The case at issue arose when Plaintiffs brought an action claiming that plant-based milks were “imitation” products and should be so identified on the label. This argument represented a change in Plaintiffs’ strategy after Courts appeared to side with defendants in previous cases in which plaintiffs had alleged that terms such as “soymilk” or “almond milk” were misleading. In early June, the District Court of the Eastern District of California concluded that the “imitation” question was an issue of first impression and should be left to FDA rather than to the Court(s). The Court concluded that the doctrine of primary jurisdiction applied.
As explained by the Court, the FDC Act was enacted to create a uniform and comprehensive labeling scheme. The issue raised in the litigation, i.e., that plant-based milk products are nutritionally inferior substitutes for cow milk and therefore must be identified as “imitation” product, has not been addressed by FDA. Rather than leaving this to the Courts risking inconsistent and contradictory decisions, the determination of labeling these products should be left to FDA; the issue falls squarely within FDA’s jurisdiction and expertise.

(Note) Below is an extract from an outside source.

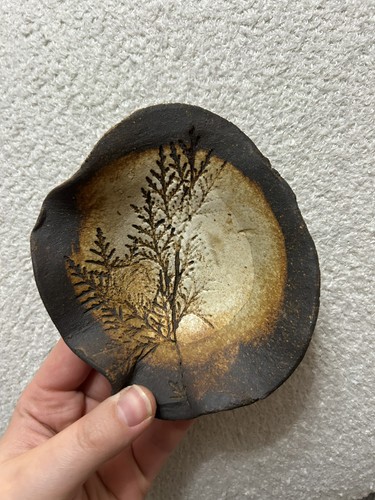 Handmade wall hanging plate - handmade,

Further, the Court noted that the issue is on FDA’s radar: in December 2016, Congress requested that FDA more aggressively police the use of the term “milk” in naming of non-dairy foods and in March 2017, the Good Food Institute submitted a Citizen Petition asking that FDA issue guidance and a regulation concerning the naming of foods by referencing other “traditional” foods (see our previous post here) Thus, the Court stayed the action and referred the matter to FDA.
A few weeks earlier, another California Court in a similar action outright rejected the argument that the label should identify the product as “imitation” because the likelihood for confusion was “patently implausible.” According to the Court, any consumer “concerned about the nutritious quality of the product” could read the nutrition label. That case was dismissed with prejudice.
The issue of naming plant based foods is not limited to the United States. On the 14th of June, the Court of Justice of the European Union ruled that purely plant-based products cannot be marketed with designations such as “milk,” “cream,” “butter,” “cheese” or “yogurt,” unless specifically exempt under regulation (EU) No 1308/2013. The relevance of that decision for the U.S. remains to be seen.